Enterprise Architecture

You have a vision for your enterprise architecture; now let us help you draw up the blueprints.

 

Government organizations have grown to recognize the relationship between how a historically fractured approach to technology investment has led to overspending and limited their ability to provide superior citizen service more cost-effectively. As this realization has grown, so too has interest in enterprise architecture. A government organization’s enterprise architecture defines the information necessary to operate the organization, the technologies necessary to support the operations, and the transitional processes for implementing new technologies in response to the organization’s changing needs.

Making the Connections Between Process and Technology

LMI helps government organizations construct enterprise architectures that lead to improvements in the design, modernization, use, sharing, and performance of resources.

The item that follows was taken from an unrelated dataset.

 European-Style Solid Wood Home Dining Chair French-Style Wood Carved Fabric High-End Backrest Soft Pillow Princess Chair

To help structure our approach, we developed our own method, the LMI Enterprise Architecture Practice, or LEAP®, for evaluating the impact and consequences of changes in technology and business processes. With LEAP we start at the mission level—taking an enterprise look at an organization’s business processes. From that perspective, we identify the data needed to drive the business processes. We then use this information to help guide an agency’s IT investment decisions.

Our consultants bring more than a decade’s worth of experience in the enterprise architecture field, as well as the knowledge attendant on our membership in such global standards bodies as W3C, ANSI, ASC X12, and UN/CEFACT. Our goal is to develop enterprise architectures for clients that deliver a “line of sight” from processes to particular data elements. We have helped clients from the General Services Administration to the Transportation Security Administration resolve the complex interplay of process and technology.

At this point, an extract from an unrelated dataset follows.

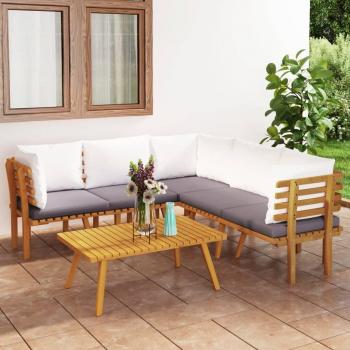 6-Piece Garden Lounge Set with Cushions in Solid Acacia Wood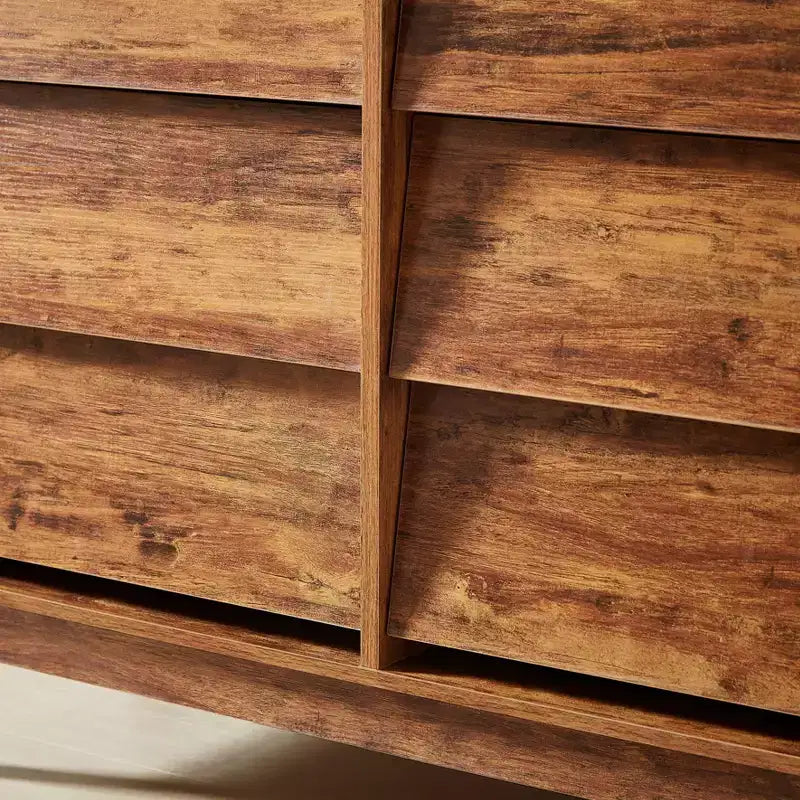 6 Drawer Dresser for Bedroom, Vintage Wide Chest of Drawers with Bevel Design, Accent Double Dresser Storage Organizers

LMI’s enterprise architecture capabilities include the following:

  • Develop effective IT strategic plans, governance, and investment decisions
  • Develop architectures compliant with the U.S. Office of Management and Budget (OMB) Federal Enterprise Architecture Program Management Office (FEA PMO) and Department of Defense Architecture Framework (DoDAF)
  • Support acquisition and implementation activities, and ensure data interoperability and standardization.